Queen Elizabeth II celebrated her 85th birthday today with a commemoration that mingled an important tradition of the Easter season in Great Britain with the real birthday of the oldest British monarch ever to occupy the throne.
Today, with just a week and a day to go until the wedding of the queen’s grandson Prince William to Catherine Middleton, the monarch attended Maundy Thursday service at Westminster Abbey on her birthday.
She gave “Maundy money,” specially minted silver coins, to 85 men and 85 women, the number representing the years of her life. The recipients were retirees chosen for their “tireless work for the Church and their communities,” according to an article in The Telegraph.
The custom, which draws from the explicit example of humility and service Jesus gave his apostles by washing their feet at the Last Supper, is hundreds of years old in England. It replaced an earlier practice in which the king would wash the feet of the poor on Maundy, or Holy, Thursday.

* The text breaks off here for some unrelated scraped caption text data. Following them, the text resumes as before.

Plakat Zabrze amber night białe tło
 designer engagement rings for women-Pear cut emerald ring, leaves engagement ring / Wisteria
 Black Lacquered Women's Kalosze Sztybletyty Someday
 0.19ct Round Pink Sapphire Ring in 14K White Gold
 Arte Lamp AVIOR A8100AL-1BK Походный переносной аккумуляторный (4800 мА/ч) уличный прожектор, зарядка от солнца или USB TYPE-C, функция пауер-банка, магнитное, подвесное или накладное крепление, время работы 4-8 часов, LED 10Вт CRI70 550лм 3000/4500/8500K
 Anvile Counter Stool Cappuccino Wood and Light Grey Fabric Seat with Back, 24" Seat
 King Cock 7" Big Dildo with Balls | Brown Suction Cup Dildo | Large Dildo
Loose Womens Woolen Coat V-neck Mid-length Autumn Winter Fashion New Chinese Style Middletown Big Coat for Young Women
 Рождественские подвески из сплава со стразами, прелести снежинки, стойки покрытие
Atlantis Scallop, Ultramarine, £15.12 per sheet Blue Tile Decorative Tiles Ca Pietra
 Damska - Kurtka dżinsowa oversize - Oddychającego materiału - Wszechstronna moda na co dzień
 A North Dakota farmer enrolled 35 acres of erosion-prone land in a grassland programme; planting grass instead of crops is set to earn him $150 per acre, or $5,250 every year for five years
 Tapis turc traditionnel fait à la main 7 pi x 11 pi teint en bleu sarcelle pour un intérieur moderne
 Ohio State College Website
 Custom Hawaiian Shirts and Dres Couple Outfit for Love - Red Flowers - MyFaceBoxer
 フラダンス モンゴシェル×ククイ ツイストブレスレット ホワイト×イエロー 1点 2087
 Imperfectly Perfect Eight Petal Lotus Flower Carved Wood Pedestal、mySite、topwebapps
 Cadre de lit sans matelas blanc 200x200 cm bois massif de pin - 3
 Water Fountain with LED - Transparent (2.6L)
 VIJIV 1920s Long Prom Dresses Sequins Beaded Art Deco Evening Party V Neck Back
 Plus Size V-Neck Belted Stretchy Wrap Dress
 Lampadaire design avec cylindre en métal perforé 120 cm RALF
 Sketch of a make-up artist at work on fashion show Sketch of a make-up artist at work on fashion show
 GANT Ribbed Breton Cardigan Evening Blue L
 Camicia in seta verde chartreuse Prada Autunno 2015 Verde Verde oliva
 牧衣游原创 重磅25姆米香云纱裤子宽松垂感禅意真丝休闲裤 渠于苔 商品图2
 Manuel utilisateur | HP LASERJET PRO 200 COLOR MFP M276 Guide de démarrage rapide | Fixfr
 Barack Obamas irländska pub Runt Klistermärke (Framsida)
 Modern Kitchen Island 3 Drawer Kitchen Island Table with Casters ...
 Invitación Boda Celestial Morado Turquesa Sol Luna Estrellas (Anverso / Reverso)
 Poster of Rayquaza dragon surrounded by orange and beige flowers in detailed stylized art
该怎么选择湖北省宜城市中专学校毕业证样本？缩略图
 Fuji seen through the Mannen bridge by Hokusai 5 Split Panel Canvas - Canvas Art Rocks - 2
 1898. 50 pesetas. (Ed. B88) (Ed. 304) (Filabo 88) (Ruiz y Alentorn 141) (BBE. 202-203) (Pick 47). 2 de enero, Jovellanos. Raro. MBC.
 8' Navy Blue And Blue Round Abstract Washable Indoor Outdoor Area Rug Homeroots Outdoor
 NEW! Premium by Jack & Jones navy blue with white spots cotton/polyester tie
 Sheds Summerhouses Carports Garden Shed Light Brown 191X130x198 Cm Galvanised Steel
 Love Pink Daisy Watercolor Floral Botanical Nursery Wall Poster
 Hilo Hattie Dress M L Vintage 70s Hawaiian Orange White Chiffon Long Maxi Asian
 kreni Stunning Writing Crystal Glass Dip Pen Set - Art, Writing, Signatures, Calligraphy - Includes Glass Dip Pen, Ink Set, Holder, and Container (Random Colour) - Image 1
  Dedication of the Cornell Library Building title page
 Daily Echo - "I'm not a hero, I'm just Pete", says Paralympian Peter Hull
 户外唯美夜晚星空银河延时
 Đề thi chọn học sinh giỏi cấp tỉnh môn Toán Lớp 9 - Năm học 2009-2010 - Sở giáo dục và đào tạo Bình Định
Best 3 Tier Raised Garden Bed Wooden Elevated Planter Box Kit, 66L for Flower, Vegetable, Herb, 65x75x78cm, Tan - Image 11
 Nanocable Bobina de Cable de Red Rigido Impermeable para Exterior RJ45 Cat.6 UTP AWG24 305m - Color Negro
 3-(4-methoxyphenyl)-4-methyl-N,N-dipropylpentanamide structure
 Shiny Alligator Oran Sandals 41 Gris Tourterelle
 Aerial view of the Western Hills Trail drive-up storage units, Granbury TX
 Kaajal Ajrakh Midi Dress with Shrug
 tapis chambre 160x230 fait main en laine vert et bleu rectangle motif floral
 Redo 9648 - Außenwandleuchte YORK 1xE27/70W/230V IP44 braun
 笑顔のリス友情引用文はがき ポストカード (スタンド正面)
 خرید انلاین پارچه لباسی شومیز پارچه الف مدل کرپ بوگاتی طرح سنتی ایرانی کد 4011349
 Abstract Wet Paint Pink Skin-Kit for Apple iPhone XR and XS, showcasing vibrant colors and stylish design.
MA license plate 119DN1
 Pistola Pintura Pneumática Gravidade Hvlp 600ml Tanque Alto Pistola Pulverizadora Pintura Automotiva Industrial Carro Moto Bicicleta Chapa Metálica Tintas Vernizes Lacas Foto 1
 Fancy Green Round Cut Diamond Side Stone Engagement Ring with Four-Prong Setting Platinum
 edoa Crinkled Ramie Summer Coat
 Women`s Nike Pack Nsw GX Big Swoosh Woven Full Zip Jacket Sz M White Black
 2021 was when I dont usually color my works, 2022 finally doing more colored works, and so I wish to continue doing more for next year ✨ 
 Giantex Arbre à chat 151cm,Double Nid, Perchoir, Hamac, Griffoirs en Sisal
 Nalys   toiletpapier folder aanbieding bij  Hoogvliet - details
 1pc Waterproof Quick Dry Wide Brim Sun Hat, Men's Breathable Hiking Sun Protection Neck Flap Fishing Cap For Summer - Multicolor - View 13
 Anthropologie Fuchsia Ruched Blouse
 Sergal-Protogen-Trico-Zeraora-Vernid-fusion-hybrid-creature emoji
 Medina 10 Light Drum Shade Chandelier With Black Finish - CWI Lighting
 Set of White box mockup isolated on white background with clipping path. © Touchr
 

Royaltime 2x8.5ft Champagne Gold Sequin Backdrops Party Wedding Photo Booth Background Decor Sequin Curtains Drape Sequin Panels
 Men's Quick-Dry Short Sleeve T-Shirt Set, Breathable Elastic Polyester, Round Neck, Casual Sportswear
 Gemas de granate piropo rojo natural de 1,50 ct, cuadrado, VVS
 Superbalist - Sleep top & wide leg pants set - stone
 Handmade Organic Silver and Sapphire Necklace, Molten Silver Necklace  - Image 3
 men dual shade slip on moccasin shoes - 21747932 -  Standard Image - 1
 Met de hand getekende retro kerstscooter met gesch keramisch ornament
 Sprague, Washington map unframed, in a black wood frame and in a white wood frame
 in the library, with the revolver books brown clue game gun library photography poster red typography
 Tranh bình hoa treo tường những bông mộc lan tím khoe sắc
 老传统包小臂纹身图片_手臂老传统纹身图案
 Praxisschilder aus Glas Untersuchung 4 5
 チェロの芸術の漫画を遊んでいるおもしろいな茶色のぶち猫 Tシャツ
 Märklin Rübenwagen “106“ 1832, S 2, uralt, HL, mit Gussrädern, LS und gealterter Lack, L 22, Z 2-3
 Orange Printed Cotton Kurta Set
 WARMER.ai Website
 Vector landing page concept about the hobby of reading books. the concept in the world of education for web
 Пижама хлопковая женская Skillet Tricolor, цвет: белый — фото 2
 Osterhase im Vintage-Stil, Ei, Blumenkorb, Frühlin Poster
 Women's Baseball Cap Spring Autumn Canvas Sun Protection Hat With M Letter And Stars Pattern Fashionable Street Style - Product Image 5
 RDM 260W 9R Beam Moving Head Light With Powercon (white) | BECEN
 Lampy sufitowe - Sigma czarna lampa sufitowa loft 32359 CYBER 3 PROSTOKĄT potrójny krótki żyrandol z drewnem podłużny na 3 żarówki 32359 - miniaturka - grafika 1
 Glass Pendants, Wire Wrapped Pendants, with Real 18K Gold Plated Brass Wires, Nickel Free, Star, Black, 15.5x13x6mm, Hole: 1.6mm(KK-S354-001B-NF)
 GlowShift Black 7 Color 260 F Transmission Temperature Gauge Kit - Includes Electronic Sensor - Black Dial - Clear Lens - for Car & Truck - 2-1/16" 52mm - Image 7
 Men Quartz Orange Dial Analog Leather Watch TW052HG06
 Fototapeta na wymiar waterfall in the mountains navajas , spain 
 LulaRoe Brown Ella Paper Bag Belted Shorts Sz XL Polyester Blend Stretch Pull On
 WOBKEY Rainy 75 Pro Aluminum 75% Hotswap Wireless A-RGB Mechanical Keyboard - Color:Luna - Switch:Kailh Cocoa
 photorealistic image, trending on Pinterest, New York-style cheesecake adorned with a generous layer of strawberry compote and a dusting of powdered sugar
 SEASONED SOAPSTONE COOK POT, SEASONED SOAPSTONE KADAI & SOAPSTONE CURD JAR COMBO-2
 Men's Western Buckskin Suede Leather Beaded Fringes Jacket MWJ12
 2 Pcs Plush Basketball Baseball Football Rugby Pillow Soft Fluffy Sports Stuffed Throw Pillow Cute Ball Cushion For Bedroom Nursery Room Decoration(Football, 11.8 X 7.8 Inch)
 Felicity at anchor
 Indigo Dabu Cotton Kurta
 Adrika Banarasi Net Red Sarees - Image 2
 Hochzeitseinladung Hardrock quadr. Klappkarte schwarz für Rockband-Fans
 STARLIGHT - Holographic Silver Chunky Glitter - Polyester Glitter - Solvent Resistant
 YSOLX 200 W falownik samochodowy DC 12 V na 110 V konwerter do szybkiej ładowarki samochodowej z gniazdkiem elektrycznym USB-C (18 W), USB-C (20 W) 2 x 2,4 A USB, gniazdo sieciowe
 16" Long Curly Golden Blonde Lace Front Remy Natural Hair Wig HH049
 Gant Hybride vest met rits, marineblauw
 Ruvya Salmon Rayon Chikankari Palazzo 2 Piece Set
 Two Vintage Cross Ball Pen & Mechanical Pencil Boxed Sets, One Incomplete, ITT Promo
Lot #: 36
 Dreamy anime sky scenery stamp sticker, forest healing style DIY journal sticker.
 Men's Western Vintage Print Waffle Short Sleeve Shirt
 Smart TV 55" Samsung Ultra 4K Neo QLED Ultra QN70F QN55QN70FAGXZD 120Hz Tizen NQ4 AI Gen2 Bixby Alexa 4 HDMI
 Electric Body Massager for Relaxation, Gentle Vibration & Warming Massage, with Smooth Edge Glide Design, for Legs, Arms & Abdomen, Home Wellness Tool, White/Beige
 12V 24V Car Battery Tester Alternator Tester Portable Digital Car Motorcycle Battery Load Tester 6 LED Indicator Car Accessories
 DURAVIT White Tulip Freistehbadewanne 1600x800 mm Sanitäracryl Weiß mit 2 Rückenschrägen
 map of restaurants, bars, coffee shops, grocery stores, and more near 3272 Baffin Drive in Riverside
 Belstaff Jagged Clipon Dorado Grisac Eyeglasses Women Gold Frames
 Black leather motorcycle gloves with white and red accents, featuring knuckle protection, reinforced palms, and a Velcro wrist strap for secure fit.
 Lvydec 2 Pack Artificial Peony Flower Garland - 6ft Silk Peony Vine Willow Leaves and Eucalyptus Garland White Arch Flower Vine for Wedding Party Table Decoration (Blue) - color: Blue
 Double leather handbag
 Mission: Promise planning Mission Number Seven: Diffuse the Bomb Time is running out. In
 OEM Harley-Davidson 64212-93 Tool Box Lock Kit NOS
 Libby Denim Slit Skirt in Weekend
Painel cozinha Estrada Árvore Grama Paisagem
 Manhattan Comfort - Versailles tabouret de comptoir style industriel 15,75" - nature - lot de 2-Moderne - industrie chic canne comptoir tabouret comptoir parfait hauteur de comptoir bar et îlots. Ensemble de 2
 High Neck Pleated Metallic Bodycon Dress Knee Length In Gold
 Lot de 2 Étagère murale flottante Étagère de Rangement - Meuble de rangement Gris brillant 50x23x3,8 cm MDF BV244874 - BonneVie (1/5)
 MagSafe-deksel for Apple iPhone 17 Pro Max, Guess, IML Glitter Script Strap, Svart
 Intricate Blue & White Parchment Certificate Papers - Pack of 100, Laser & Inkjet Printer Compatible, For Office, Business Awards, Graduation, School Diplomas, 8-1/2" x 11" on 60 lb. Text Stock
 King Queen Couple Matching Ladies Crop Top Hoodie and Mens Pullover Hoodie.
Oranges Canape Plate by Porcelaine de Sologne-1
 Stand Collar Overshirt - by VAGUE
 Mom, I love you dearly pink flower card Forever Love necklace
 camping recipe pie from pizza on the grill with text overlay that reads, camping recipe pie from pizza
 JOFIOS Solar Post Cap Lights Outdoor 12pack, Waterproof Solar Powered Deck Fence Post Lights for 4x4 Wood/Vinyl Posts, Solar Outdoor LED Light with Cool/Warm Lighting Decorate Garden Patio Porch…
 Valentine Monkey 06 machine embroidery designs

However, British monarchs had drifted away from distributing Maundy money personally, leaving the task to the clergy, until George V, Elizabeth’s grandfather, revived the tradition in 1932, according to an article that year in Time magazine.
Queen Elizabeth ascended to the throne when she was 25, and has ruled for 59 years. In 2007, she passed “mad” King George III, who died in 1820 at the age of 82, to become the oldest British monarch. Only Queen Victoria has had a longer reign.
The queen celebrates her birthday officially in June.